Tuesday, November 07, 2006

Mindfulness

Jane Hirshfield, fortunate poet, was a friend to Czeslaw Milosz from their meeting in 1987 until his death in 2004. She was 34 when they met; he, 76. She was an American Buddhist; he, an embattled Polish Catholic. Hirshfield discusses her unlikely friendship with Milosz and his wife, Carol, in this story at the Poetry web site, and in her most recent book, After, she includes a four-page elegy to Milosz, “Letter to C.” Here’s an excerpt:

“Living memory holds the dead as a hand holds water,
As a dry window keeps the traces of rain.
And still we speak.

“I write in these lines what I hear myself saying to others –

“that you wanted most, it seemed, to preserve
the dresses and potions of women, an unmetaphysical spider and cat.
Against the age’s erasures
praising a blacksmith’s forge, a dish of olives set on a table.

"Other writers you praised by rebuking,
though I recall no complaint against Whitman,
whose capacious lists and tenderness must have seemed
to you the path of a mirroring soul, if less singed by self-judgment.”

I like Hirshfield referring obliquely to specific Milosz poems, including the great “Blacksmith Shop.” I like her homely images, and I like her mention of Whitman, who must have eased Milosz’s long American exile. In his introduction to a Polish translation of Hirshfield’s work, Milosz wrote:

"The subject of her poetry is our ordinary life among other people and our continuing encounter with everything Earth brings us: trees, flowers, animals, and birds. Much depends on whether we can treasure each moment in this way, and whether we are able to respond to cats, dogs, and horses with a friendliness equal to that we bring to people. The sensuality of her poetry equally illuminates the great Buddhist virtue of `mindfulness.’”

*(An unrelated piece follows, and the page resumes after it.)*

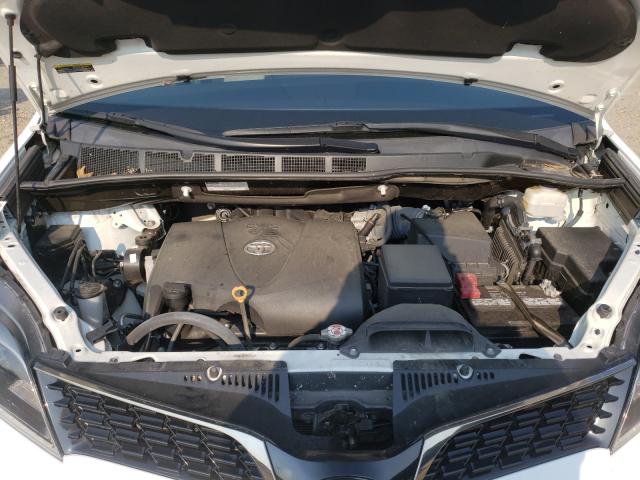 Photo 6 VIN: 5TDXZ3DCXKS992223 - TOYOTA SIENNA SE 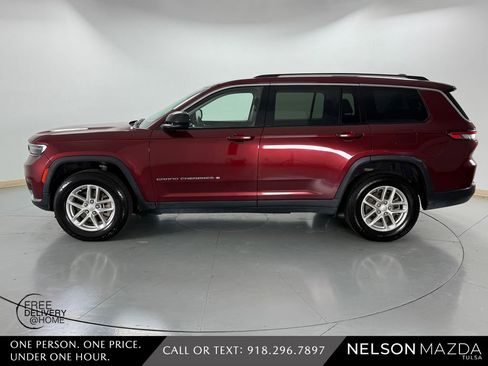 Used 2023 Jeep Grand Cherokee L Laredo image 9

In Polish, the Hirshfield collection is titled Uwaznosc – “mindfulness,” which Milosz defines in Milosz’s ABC’s as “a stance of attentive good will toward nature and people, so that we notice in every detail what is happening around us, instead of passing by in distraction.” Then he mentions the Buddhist monk Thich Nhat Hanh and his essay “Interbeing,” which lends all of this a pleasing personal circularity. In 1975, Nhat Hanh and Daniel Berrigan published The Raft is Not the Shore: Conversations Toward a Buddhist-Christian Awareness. In a letter he wrote me in 1993, Berrigan suggested I adopt a stance of "mindfulness" toward the world, recommending it as “the foremost Buddhist virtue.” He also urged me to read more Thomas Merton, who briefly met Nhat Hanh in 1966, at the Gethsemani Trappist monastery in Kentucky. In “Letter to C.,” Hirshfield writes:

“Near the end, you could not lift you head,
But offered a visitor this:
`At least I am conscious.
I have been arguing all morning with your Puritans, I must tell you,
In their strange hats.’

“It is good to think you fought to the last with those who would narrow the mind.”

1 comment:

jfhst18 said...

I was reading "Letter to C" and did not know who it was for. Your post informed me, and allowed me to make a lot of connections from and to the poem.

It is November, 2008...and this entry you made two year ago has provided me light. Thank you.